Exercise directions: Pictures aside, return every line below exactly as written.

--- Available data ---

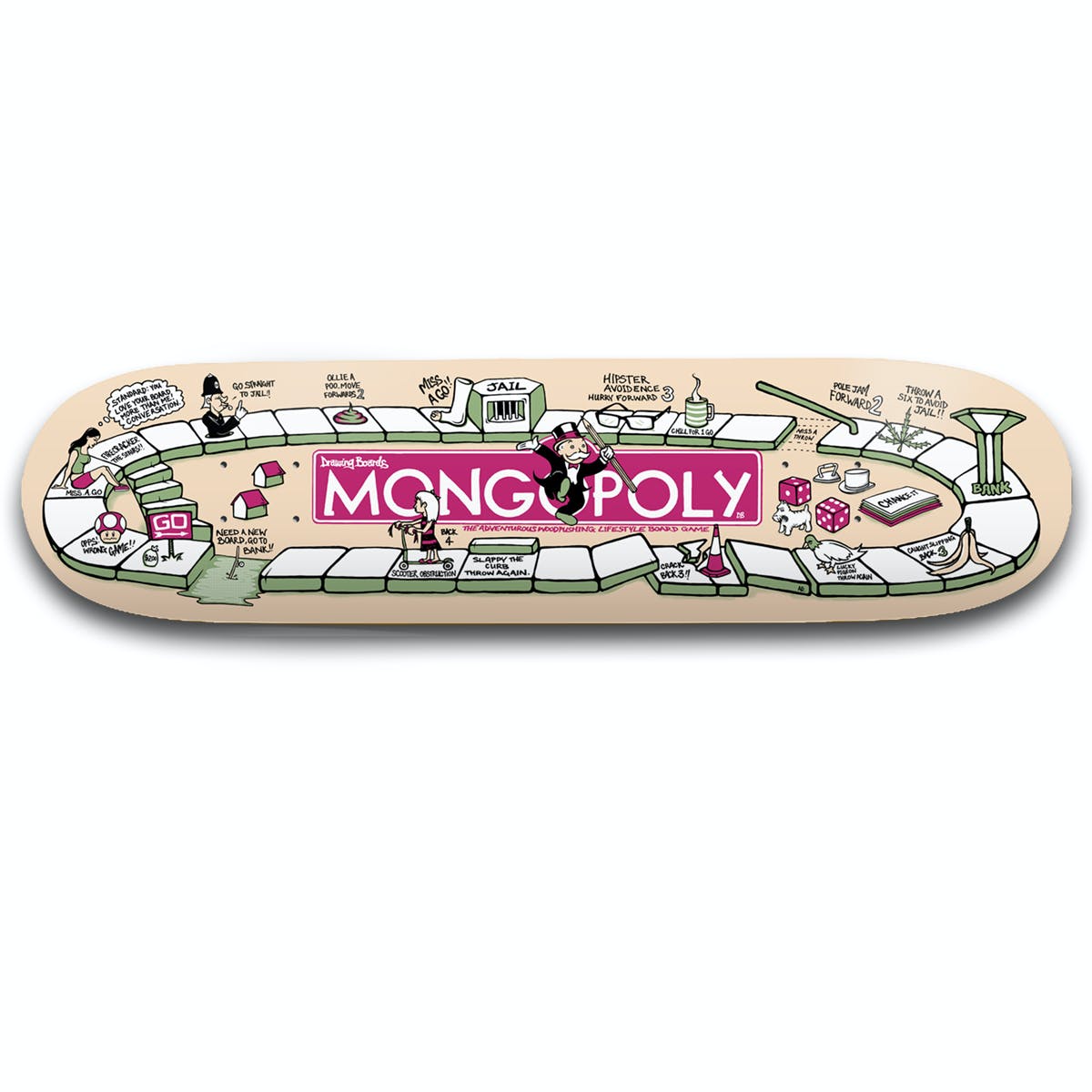 Drawing Boards Mongopoly Skateboard Deck - 8.25''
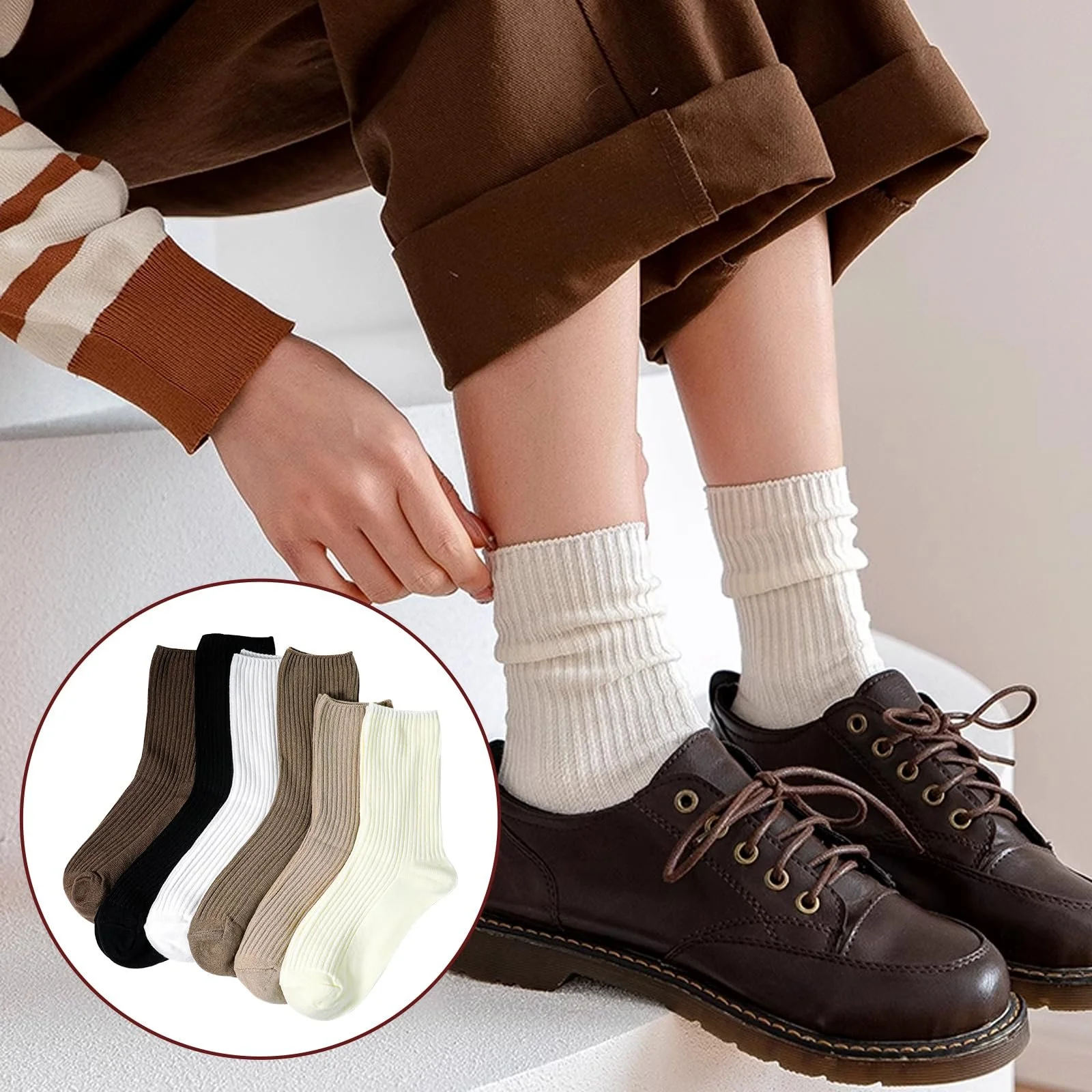 Женские носки Комплект Vin Beauty 6 пар Хлопковые спортивные носки для женщин, дышащие, для спорта, отдыха и вечеринок, фото №5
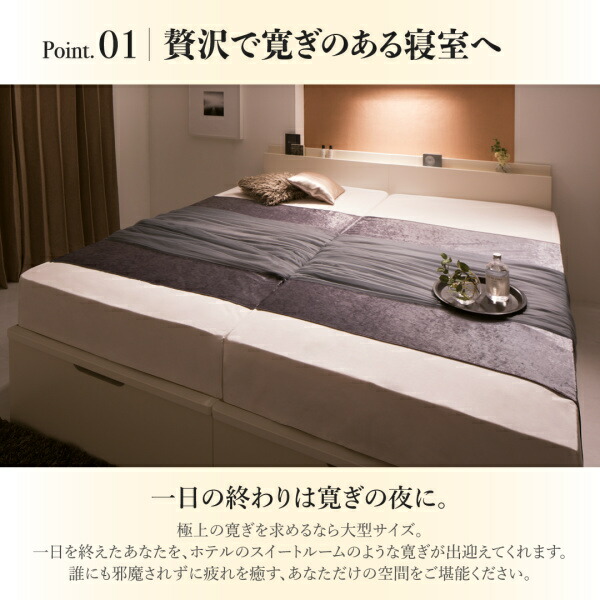 棚・コンセント付大型サイズ跳ね上げ収納ベッド Landelutz ランデルッツ 商品追加画像4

---

Output for this task:
 Drawing Boards Mongopoly Skateboard Deck - 8.25''
 Женские носки Комплект Vin Beauty 6 пар Хлопковые спортивные носки для женщин, дышащие, для спорта, отдыха и вечеринок, фото №5
 棚・コンセント付大型サイズ跳ね上げ収納ベッド Landelutz ランデルッツ 商品追加画像4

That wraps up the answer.